After retiring from my competitive career shortly after college, I turned to coaching. Though I never truly loved competing, I always cherished the sport and what it brought to my life. Fast forward to the present day, I found myself drawn back to wrestling, not as a coach and not with the intention to compete, but because I simply loved learning and playing the game. The game of wrestling. I approached wrestling practices and even intense sparring sessions as a playful game. Wrestling or doing jujitsu with unfamiliar people no longer filled me with nervousness because, in my mind, it was all about playing the game better. And part of improving in any game is creating learning opportunities and embracing the fun. There is no winning or losing in practice. In wrestling, this could mean trying new moves or variations in unfamiliar positions. As a student of the game, I had always found this aspect enjoyable. Once I fully embraced this mindset, not only did I experience more fun than ever before, but my wrestling skills also improved significantly. Being a natural competitor, I couldn’t simply turn off that instinct. However, I had always been afraid that treating it like a game would provide an easy way out for me if I were to lose. It took me 24 years to realize that this perspective wasn’t an escape route; it was precisely what I needed to relax my competitive nature and stay focused on enjoying what I was doing. Looking back, it makes perfect sense to me now. I didn’t have to constantly remind myself how important winning or performing well was; that importance was inherent in every aspect of my life, whether I acknowledged it or not. The desire to excel at nearly everything that mattered to me was always present.

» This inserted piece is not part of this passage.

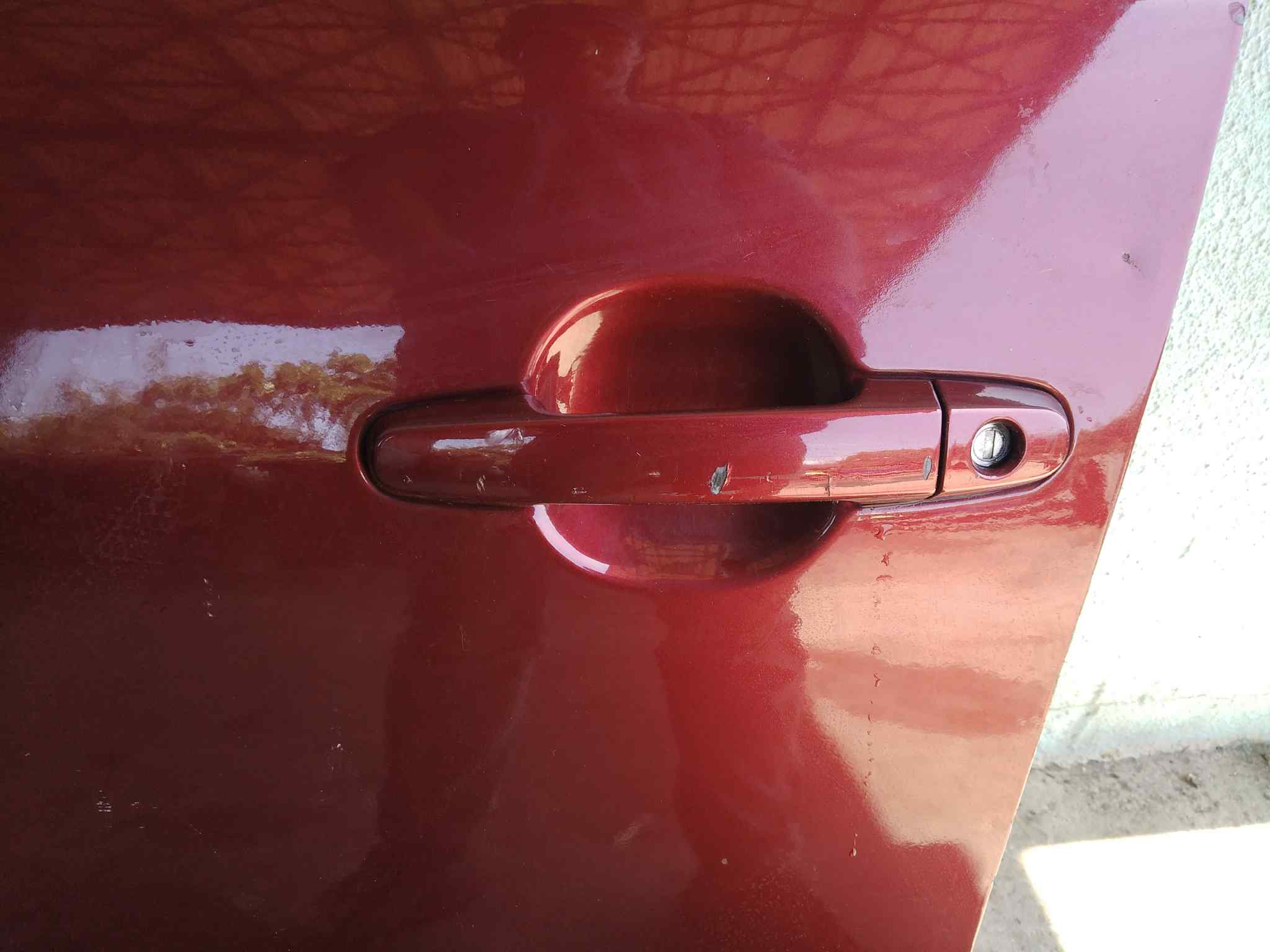 MANETA EXTERIOR DELANTERA IZQUIERDA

Shifting my mindset from pressuring myself to perform well to simply having fun allowed me to compete at what felt like my best self. When I stepped onto the mat after a 13-year hiatus, I felt nothing but eagerness to engage in the wrestling game with other people. The outcome didn’t concern me because I was as physically prepared as I needed to be. What mattered most to me was reminding myself of the goal: playing the game for fun. If I did my best in the game and lost, I would simply reflect on how I could play even better next time. The only disappointment would come from denying myself the joy of playing the game, which could only happen if I placed excessive emphasis on winning and performing, instead of letting myself truly fly. I was genuinely pleased with my performance, but more importantly, I was satisfied with my newfound mindset. I eagerly anticipate future competitions with this refreshed outlook.

To all the fiercely competitive individuals struggling with competition anxiety, remember that you already put enough pressure on yourself. You are well aware of how important it is for you to perform well, and you know the extent of your hard work. There is no need to continually emphasize this importance to yourself. Simply go out there and play the game. Find the joy in learning and in the process itself. Your competitive instincts will always be with you. All you need to do is equip your mind to give you the space to pursue what you love, and the best competitor within you will awaken. And trust me, it’s so much more enjoyable this way.